Hace muy poco una encuesta reveló que 82% de la población mexicana considera al empresario un enemigo… Grave asunto. ¿Quién genera la riqueza? ¿quién da trabajo? ¿quién arriesga su capital y su salud… Y, sin embargo, en la película social sólo le conceden el papel de desalmado.
Ciertamente influye la mala fama que le ha adjudicado desde hace muchos años la educación socialista y de reivindicación de clase, pero aún así, los propios empresarios llevan buena parte de culpa, pues durante tantos lustros se ocuparon sólo de ellos, de formar su patrimonio, de dar lo mejor a sus hijos, y… poco más. La responsabilidad social era un bien escaso en nuestro país.
Durante los gloriosos años del desarrollo sostenido, el país crecía continuamente y bastaba trabajar en serio para tener éxito, todo estaba por hacer. Pero la mayoría de los empresarios actuaba con la lógica de la economía liberal, fría cual hoja de cuchillo. Algunos ideaban subterfugios para acallar su conciencia, como aquel, notoriamente injusto con sus empleados, que se ufanaba porque ayudaba a sostener un orfanato. Más fácil, daba lo que quería y, al menos allí, lo consideraban un «gran hombre». En cambio, decía, «si me involucro con mis empleados, si doy un poquito mi brazo a torcer, querrán más y más, nunca será suficiente, porque esta gente siempre trae broncas».
Después comenzaron las dificultades, la apertura de los mercados clausuró el paraíso. Ahora, tras muchos avatares, parece que muchos hombres de negocios levantaron la mira y piensan con mayor amplitud. Se va entendiendo que la empresa, posee algo así como una ecología, una naturaleza que hace que ciertas conductas la favorezcan y otras la degraden o incluso aniquilen.
Cuando en istmo insistimos tanto en los valores, en el actuar ético, es porque sabemos que es el camino para la justicia y el crecimiento, que permite una convivencia más ordenada y no sólo para ventaja para algunos; pero debe fundarse en la razón, no en la voluntad ni el capricho. Muchos todavía se preguntan, qué es. Siguen atados al lamentable refrán de «el que no transa no avanza».
La ética en los negocios es una disciplina profesional, un instrumento civilizador, no un discurso de conveniencia. Sin embargo, cuesta que embone con el mundo contemporáneo, el estilo de vida es consumista, permisivo y relativista. Se le desprecia porque se le asocia con las prohibiciones, y a la vez, nadie duda de su importancia, ¿a quién le gusta que lo consideren ladrón, desalmado, deshonesto? A nadie. ¿Cómo explicar estas reiteradas contradicciones?

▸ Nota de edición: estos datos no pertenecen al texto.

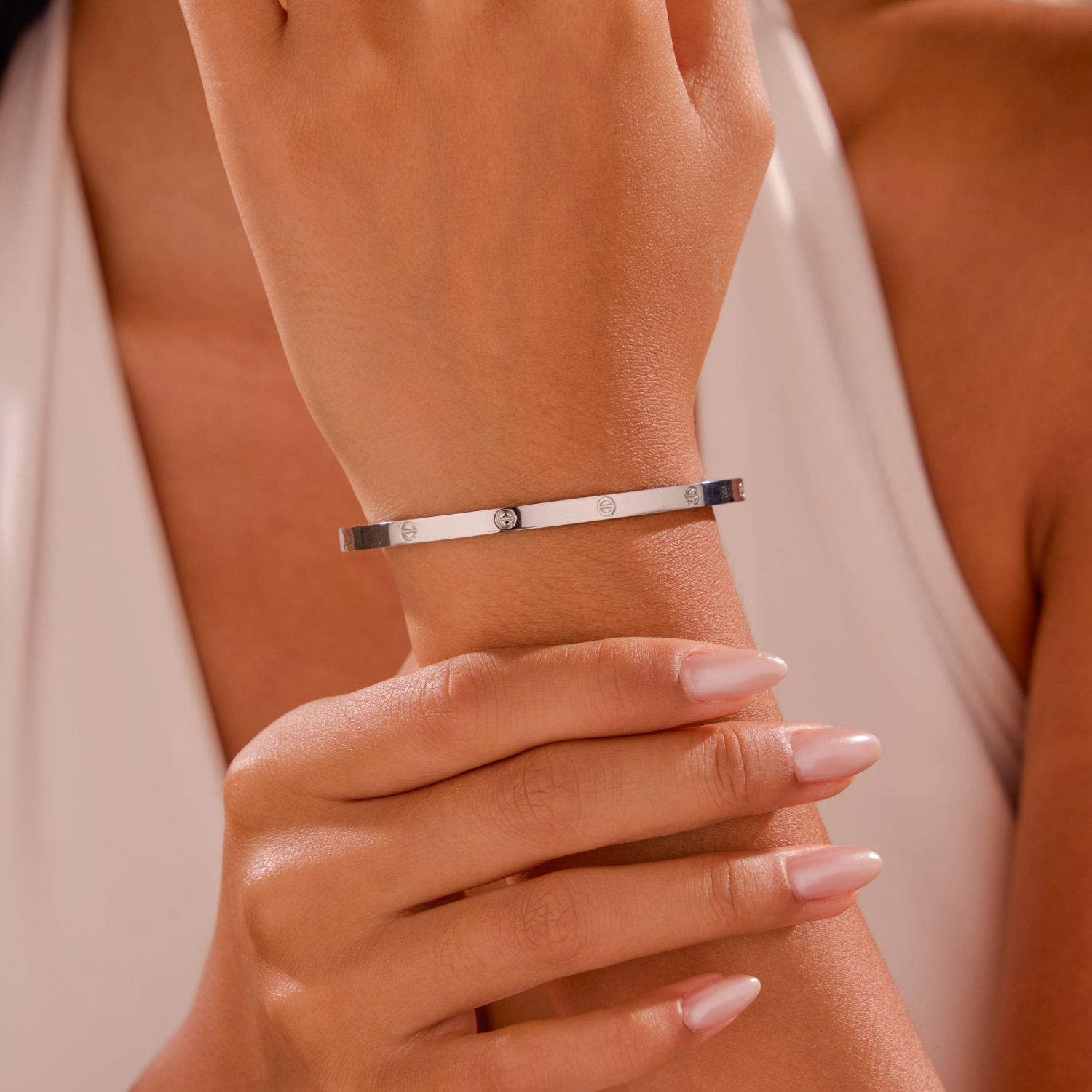 LOVE Small Golden Bracelet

Juan Manuel Elegido, el profesor que ocupa la portada, ha estudiado muchos años la ética empresarial. Vive en Nigeria, y con el cúmulo de experiencias y la percepción de los hechos, se cuida mucho de recetar fórmulas o de moverse con base en la casuística. Busca más bien aquellos principios que puedan dar luz que desaten un proceso en el que deben colaborar muchos.
Como cada empresa es un modelo distinto, deberá encontrar en su propia identidad, el código o credo con el que se comprometerá, porque además, depende principalmente de los directivos que se haga vida o sea un adorno hipócrita.